Turbulence and Waves in the Upper Troposphere and Lower Stratosphere

Abstract

The generation mechanisms and physical characteristics of jet stream turbulence, mountain, and inertia-gravity waves in the upper troposphere and lower stratosphere (UTLS) are investigated for real atmospheric conditions. To resolve multi-scale physical processes of wave breaking and laminated structures in the UTLS region, vertical nesting and adaptive vertical gridding have been developed and applied in nested, high-resolution, coupled mesoscale-microscale simulations. The fully three-dimensional, moist, compressible Navier-Stokes equations are solved with a stretched, adaptive grid in the vertical and improved resolution in the UTLS region. For verification purposes, real-case simulations are conducted for the Terrain-Induced Rotor Experiment (T-REX) campaign of measurements and selected cases from pilot reports (PIREPs). Comparisons with observational datasets highlight significant benefits of nested computational techniques that take into account the shear-stratified turbulence physics of the UTLS. Localized sharp shear layers characterized by stiff gradients of potential temperature and strong alternating vertical velocity patches are resolved in the tropopause region within the embedded microscale nest.
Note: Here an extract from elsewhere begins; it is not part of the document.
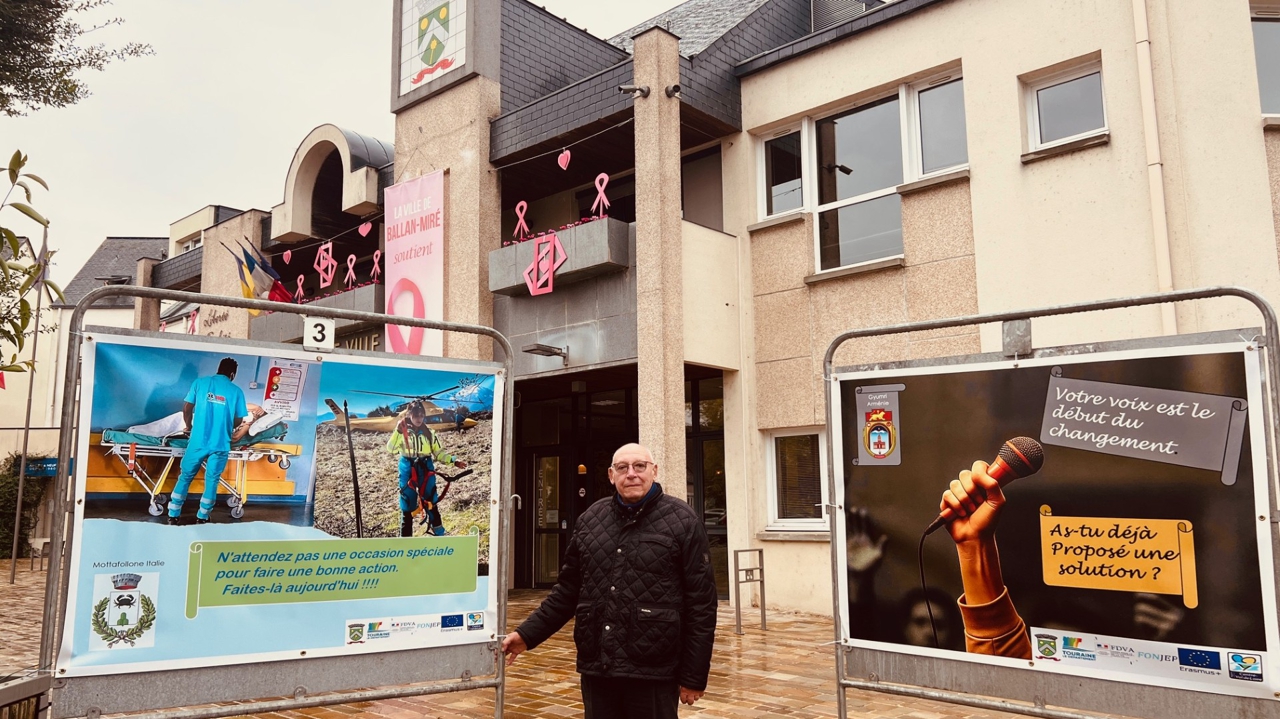 L’Europe de la jeunesse s’engage à Ballan-Miré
We describe fully three-dimensional multi-scale dynamics of laminated structures and nonlinear processes in turbulent layers observed in the UTLS region. Depending on atmospheric conditions, the gravity waves might be trapped at the altitude of the jet stream and break or propagate into higher altitudes acquiring characteristics of inertia-gravity waves. Three-dimensional instabilities in nonparallel shear-stratified flows such as those induced by mountain and polarized inertia-gravity waves in UTLS are characterized by a polarized Richardson number.